Era un encargo de un multimillonario, que le pagó una gran suma de dinero.
Conforme pasaban los meses, su inquietud fue aumentando por esta mujer, que en el fondo no existía en la tierra.
Pasaban los meses y, estancado, no podía seguir; los taladros se les rompían, hasta que terminó dejando la obra a medio hacer.
Su cabello no encontraba pose para él, y se agobiaba, y llegó a un punto estresante.
Le devolvió todo su dinero a este hombre, diciéndole que le era imposible hacerla.

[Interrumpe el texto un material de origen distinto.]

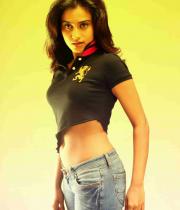 dimple-chopade-photos121376018891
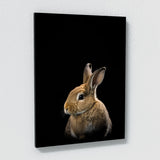 Animal Rabbit Wall Art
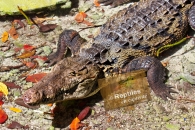 Crocodile de Morelet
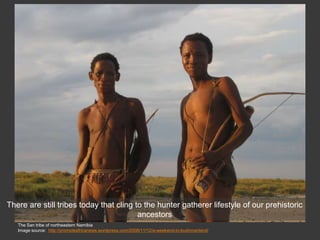 The San tribe of northeastern Namibia
Image source: http://promoteafricanews.wordpress.com/2008/11/12/a-weekend-in-bushmanland/
There are still tribes today that cling to the hunter gatherer lifestyle of our prehistoric
ancestors
 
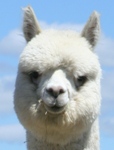Accoyo Victorino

Sus temblores, cada vez más grandes y largos, terminaron con su botella en la puerta del taller.
Abraham soñaba cada noche con ella y hasta le hablaba; incluso hacían el amor, llegándose a enamorar locamente.
Se despertaba cada noche asustado y con muchos sudores; su obsesión era tan grande que apenas si dormía.

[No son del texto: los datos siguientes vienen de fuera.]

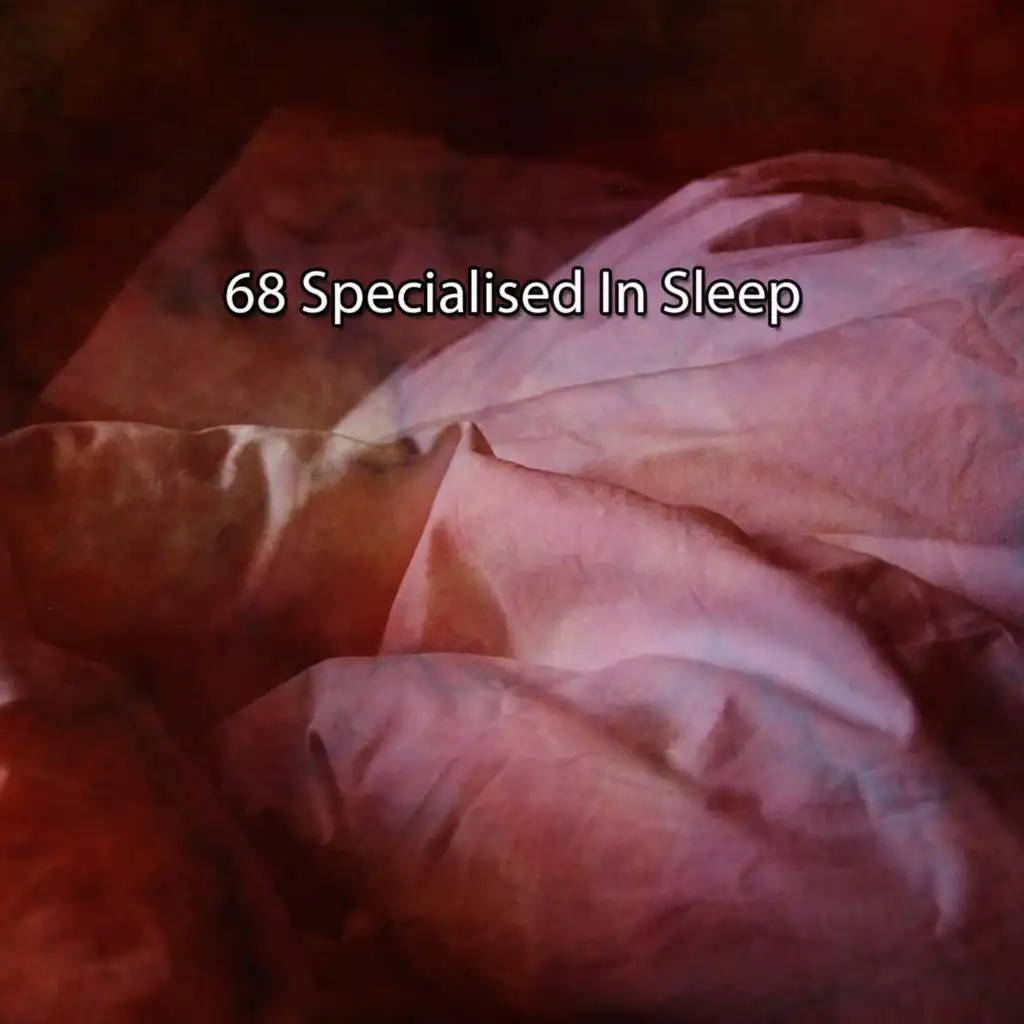 68 Specialised In Sleep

Y se asomaba a verla, aunque la tenía con unas sábanas por encima.
Un día de primavera, se fue al parque a pasear muy relajado y extraño, con una paz tremenda y alegre; no sabía por qué, pero lo estaba.
Se cruzó con una preciosa mujer, con sus cabellos negros ondulados al azote del viento, que los acariciaba.
Ella lo miró de reojo, como diciendo: ¡Este es un loco! ¡Y aligeró el paso!
Abraham se quedó mirándola fijamente y se fue girando conforme ella iba pasando.
Firmando en su mente esos cabellos preciosos que llevaba, pero él no dijo ni palabra.
Se volvió inmediatamente hasta su taller, la descubrió y comprobó que su obra ya estaba completa, con esos cabellos vistos por él.
Él, sin darse cuenta, cada noche se levantaba y la fue formando inconscientemente.
Realmente era tan hermosa, que no fue capaz de deshacerse de ella, y en su pequeño jardín, que daba a la espalda de la puerta principal, allí en su centro, la puso y todos los días se sentaba frente a ella y le hablaba.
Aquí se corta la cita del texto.